Un nuovo farmaco potrebbe arrestare la progressione del morbo di Alzheimer, dando speranza a migliaia di persone affette da questa malattia. Gli studi suggeriscono che il Trontinemab potrebbe essere un potente strumento per combattere la demenza. I ricercatori stanno ora valutando se utilizzare il farmaco anche su pazienti asintomatici. Le ulteriori ricerche valuteranno se sia in grado di prevenire completamente la malattia.
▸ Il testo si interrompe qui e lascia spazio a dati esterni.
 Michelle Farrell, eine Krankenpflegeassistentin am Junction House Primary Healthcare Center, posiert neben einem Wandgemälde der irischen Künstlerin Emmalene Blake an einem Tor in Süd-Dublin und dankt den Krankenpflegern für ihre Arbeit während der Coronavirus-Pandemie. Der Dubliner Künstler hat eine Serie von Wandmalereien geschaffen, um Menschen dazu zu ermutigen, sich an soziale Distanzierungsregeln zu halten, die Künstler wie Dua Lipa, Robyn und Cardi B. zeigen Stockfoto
Alzheimer, il farmaco rivoluzionario
Quali sono i risultati dei test? I risultati ottenuti alla conferenza internazionale dell'Alzheimer's Association tenutasi a Toronto, in Canada, hanno dimostrato che questo trattamento "rivoluzionario" elimina le placche nel cervello associate all'Alzheimer. Nel 90% dei pazienti a cui è stato prescritto il Trontinemab si è osservata la scomparsa dell'amiloide entro 28 settimane, il che significa che i marcatori visibili della malattia erano stati elimintati. Gli esperti sperano che questi cambiamenti portino anche a un miglioramento della memoria e del funzionamento del cervello. Secondo il Telegraph, è attualmente in corso una sperimentazione su 1.600 pazienti.
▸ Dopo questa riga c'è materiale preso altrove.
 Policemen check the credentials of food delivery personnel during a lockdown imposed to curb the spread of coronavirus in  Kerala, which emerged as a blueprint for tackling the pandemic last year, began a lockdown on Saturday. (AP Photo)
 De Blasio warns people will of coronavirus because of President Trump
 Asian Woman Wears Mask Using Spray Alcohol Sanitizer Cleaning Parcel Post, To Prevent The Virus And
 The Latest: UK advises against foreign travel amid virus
Quali sono gli effetti collaterali? Gli esperti ritengono che potrebbe diventare il primo farmaco contro l'Alzheimer a essere finanziato dal Servizio Sanitario Nazionale britannico, grazie alle sue proprietà e alla mancanza di effetti collaterali. Il professor Sir John Hardy, presidente del dipartimento di biologia molecolare delle malattie neurologiche presso l'Institute of Neurology dell'University College di Londra, ha affermato che il farmaco potrebbe essere «rivoluzionario». Al Telegraph ha definito questa notizia «assolutamente fantastica, il Trontinemab rimuove la placca dal cervello molto rapidamente, molto più velocemente di quanto abbiamo visto con Lecanemab o Donanemab». «Non c'è dubbio - ha aggiunto - che questo potrebbe cambiare le carte in tavola. Speriamo che, se dovessimo riuscire a somministrare questi farmaci in una fase iniziale, potremmo arrestare la progressione della malattia, anche prima che i pazienti manifestino sintomi. Ora dobbiamo valutare l'entità dell'effetto clinico».
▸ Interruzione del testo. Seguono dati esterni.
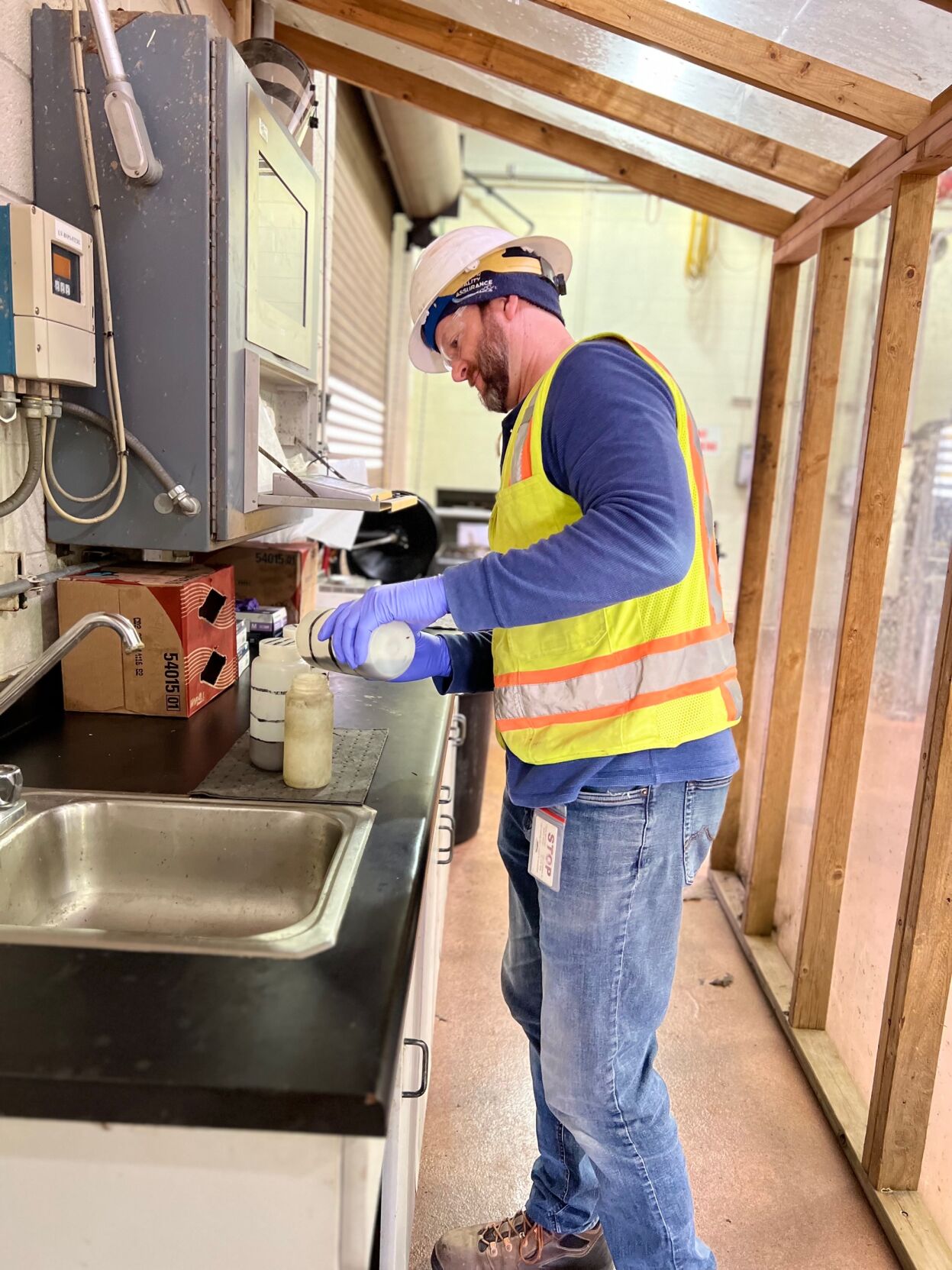 Colorado Springs Utilities' environmental specialist John Lewis collect samples of wastewater, which are tested for COVID-19 presence to detect spread of the virus. The human body produces antibodies to fight infection and expels particles, which can be found during laboratory analysis of excrement. (Courtesy of Colorado Springs Utilities)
L'altro farmaco, il Donanemab. «Siamo di fronte a un momento di svolta: anche in Europa viene riconosciuta e autorizzata una ulteriore terapia in grado di modificare il decorso della malattia di Alzheimer, rallentando la progressione clinica nei pazienti con accumulo documentato di beta-amiloide». Così Alessandro Padovani, presidente della Società italiana di neurologia (Sin), commenta il parere positivo del Comitato per i medicinali per uso umano (Chmp) dell'Agenzia europea per i medicinali (Ema) per Donanemab nel trattamento della malattia di Alzheimer in fase iniziale che rappresenta per gli esperti «un'ulteriore pietra miliare nella storia della neurologia clinica e della medicina europea». La disponibilità di una terapia modificante la malattia, che si aggiunge a quella già approvata negli Stati Uniti e in Giappone, secondo i neurologi impone ora un ripensamento profondo del modello assistenziale italiano. «Affinché questa opportunità terapeutica non resti riservata a pochi - osserva Marco Bozzali, presidente della Società italiana per le demenze (Sindem) - è necessario agire rapidamente su tre fronti: rafforzare la rete della diagnosi precoce, garantire un accesso omogeneo ai biomarcatori (inclusi quelli plasmatici, oggi sempre più affidabili) e formare i professionisti alla gestione di trattamenti complessi in sicurezza». Questa approvazione, evidenziano i neurologi, conferma anche l'importanza della ricerca scientifica su scala internazionale. Donanemab - ricordano - è frutto di decenni di studi sul ruolo dell'accumulo di amiloide e tau nella fisiopatologia dell'Alzheimer, e rappresenta la validazione clinica di strategie mirate a intervenire nelle primissime fasi di malattia. «Come comunità scientifica - ribadiscono Padovani e Bozzali - dobbiamo ora garantire che l'Italia non resti indietro: servono investimenti nella ricerca traslazionale e nella sperimentazione clinica su scala nazionale, perché nuove molecole sono già in fase avanzata di sviluppo». I neurologi di Sin e Sindem si rendono fin d'ora disponibili a collaborare con l'Aifa, il ministero della Salute e le Regioni per definire percorsi condivisi di accesso, appropriatezza e monitoraggio. «Non è più il tempo della rassegnazione - concludono i presidenti - è il tempo della responsabilità e della costruzione. Donanemab non è la cura definitiva, ma è la prova che l'Alzheimer può essere rallentato».